Wednesday

Five Ways True North Groups Can Save Leaders


Bill George and Doug Baker argue for the value of True North Groups in their new book of the same title. Leaders and others need a small group of people with whom we can have in-depth discussions and share intimately about the most important things in their lives -- both personal professional.

Here are five traditional pitfalls all leaders encounter and how True North Groups help them avoid such scenarios:

Pitfall #1: No one for you and other leaders to talk to about challenges and dilemmas. The missing link for many leaders is having a safe place where they can share their experiences, challenges, and frustrations, and get honest feedback.

True North Groups provide small, intimate peer groups where people talk openly about their issues in confidential settings. There are not very many places left where a leader can voice his or her concerns and issues without getting tangled up in corporate politics, disclosure issues, or similar problems, and yet all humans need to communicate, share, and even vent. True North groups provide the arena for such exchanges.

Pitfall #2: Getting on the slippery slope to unethical behavior. All leaders face ethical dilemmas and doing the right thing is often not as easy as it sounds. Because group members maintain each other's trust, a leader who feels that he or she is veering too close to an ethical precipice and get support and advice from others who have also been in the same space.

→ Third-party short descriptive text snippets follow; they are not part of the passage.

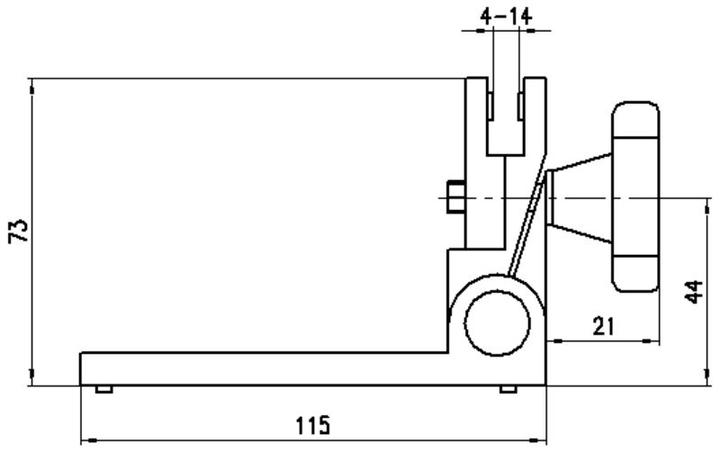Produktbild Neriox Gerätehalter 7...15 mm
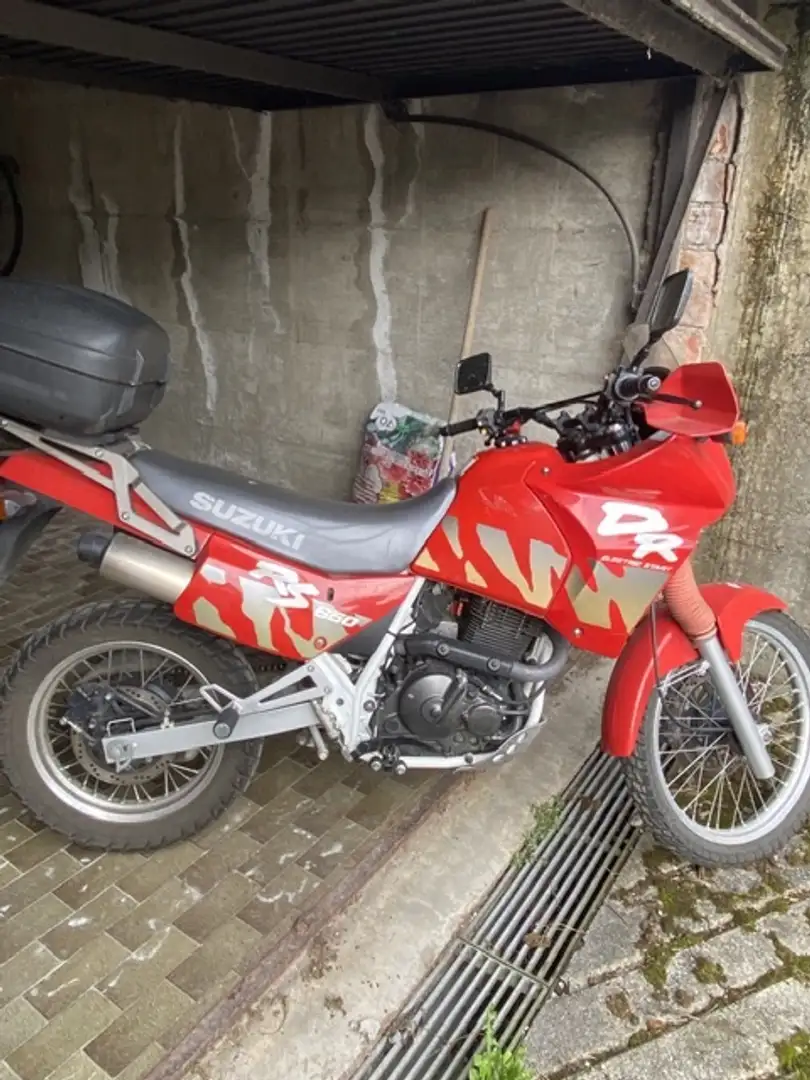 Suzuki DR 650 Se Rood - 1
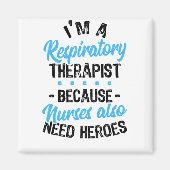 Krankenschwestern brauchen auch Helden Magnet (Vorne)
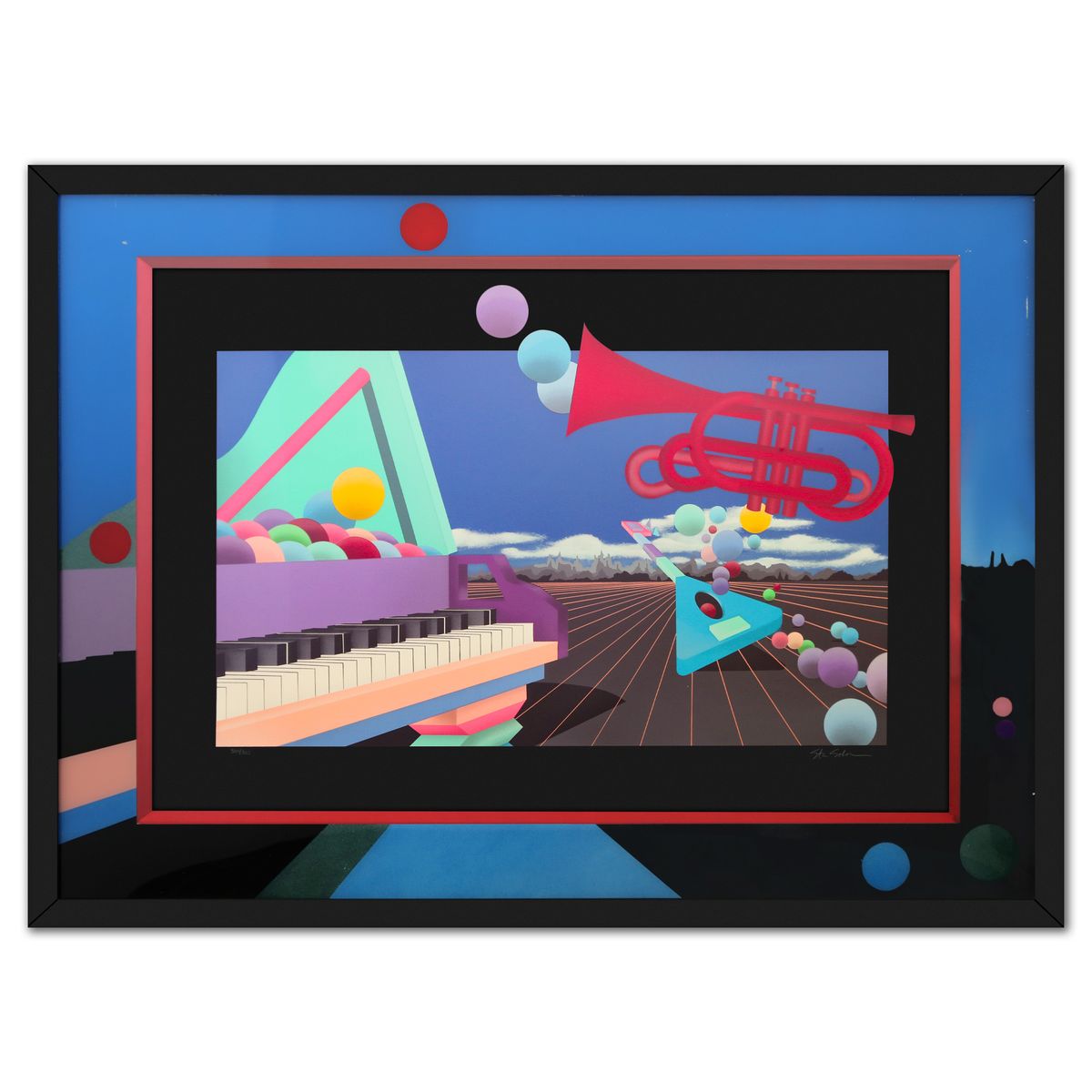 Stan Solomon- Serigraph "Heaven and Music"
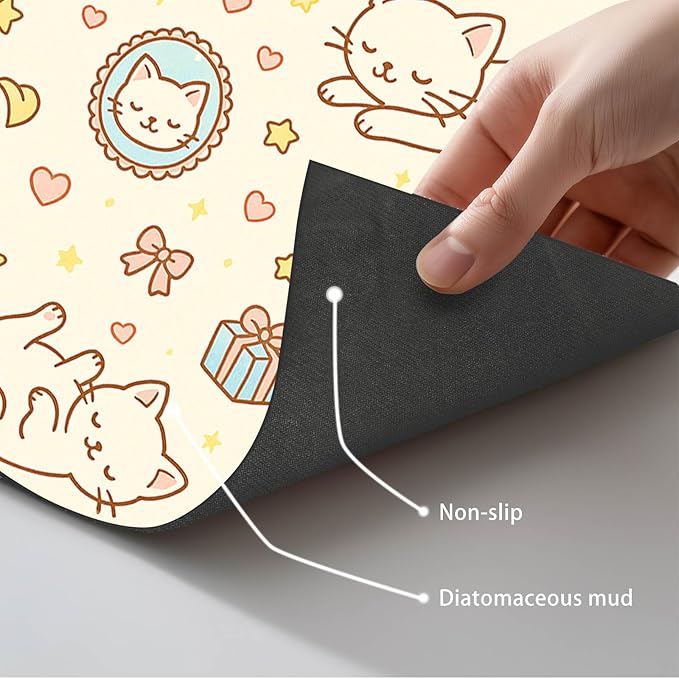 Cute Sweet Cat Food Mat for Dog Food Mat Food and Water Bowl Pet Feeding Bowl - Image 5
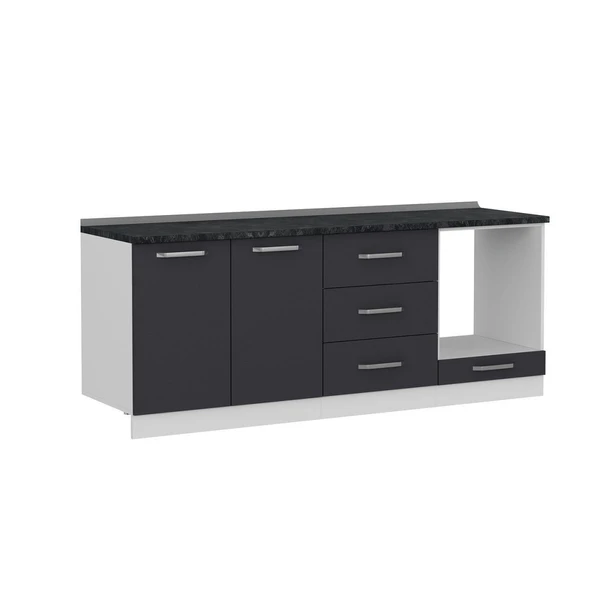 Minar 210 Cm Mutfak Dlb Byz Ant 210-A3-Alt - Resim 4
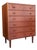 Danish Teak Chest of 6 Drawers, 1960s For Sale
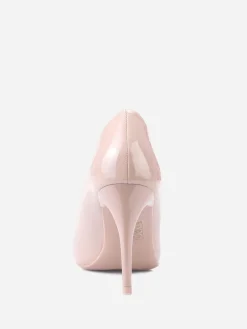 Online La Modeuse Escarpins  vernis à talon aiguille Beige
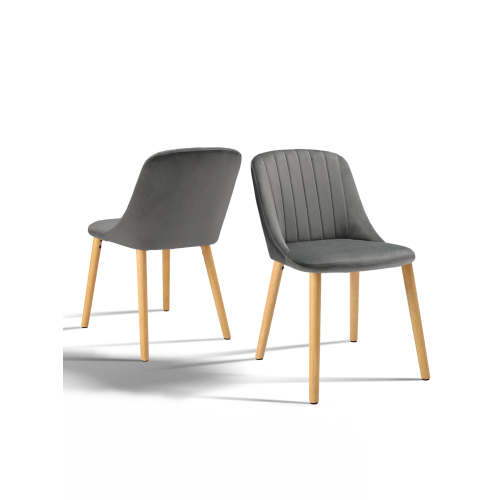 (Light Grey, Set of 2) Goeurvant Dining Chairs 2
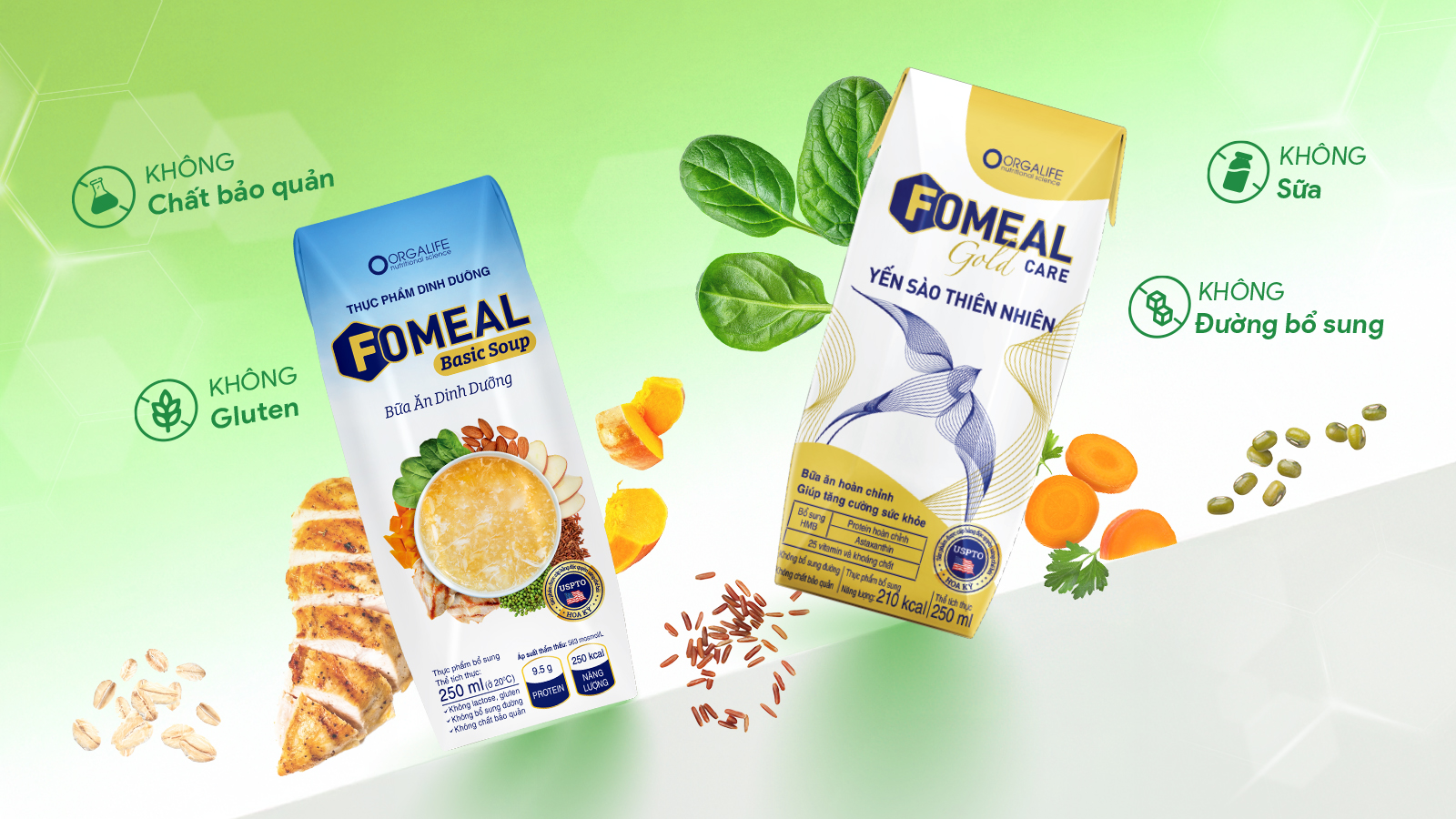 Dòng sản phẩm Fomeal – một bữa ăn dinh dưỡng cho người bận rộn. Nguồn: Orgalife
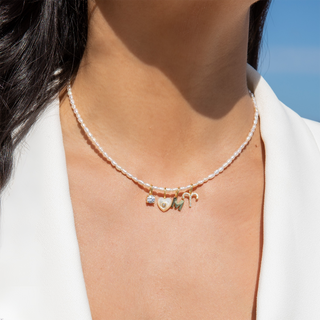 Tiny White Pearl Choker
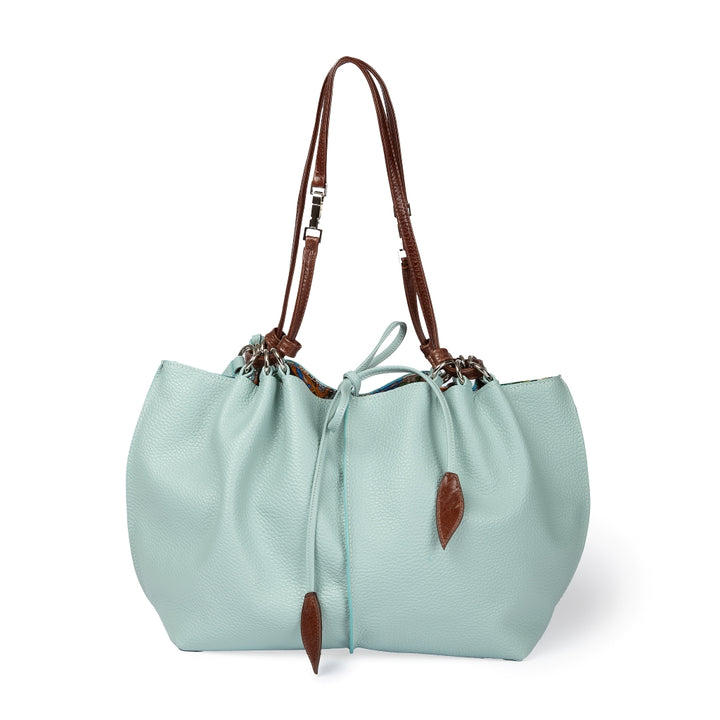 Margherita medium borsa in pelle reversibile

In a True North Group where people share their deepest feelings and greatest difficulties, group members feel comfortable in challenging you when they think you are losing your bearings or deviating from your beliefs and values. Because they know your life story, they are able to perceive how prior events in your life or your motivations may be influencing your decisions today.

Pitfall #3: Having blind spots that keep you and other leaders from seeing their impact on others.
Most leaders have blind spots – characteristics they are unaware of – that tend to get in the way of understanding how their leadership is impacting others. Effective leadership comes from a place of authenticity, which is the essential quality of leaders with high levels of emotional intelligence, or EQ. In our experience, we have not seen leaders fail for lack of IQ, but have observed many leaders fail who lacked EQ. The essence of EQ is having a high level of awareness of yourself and your impact on others.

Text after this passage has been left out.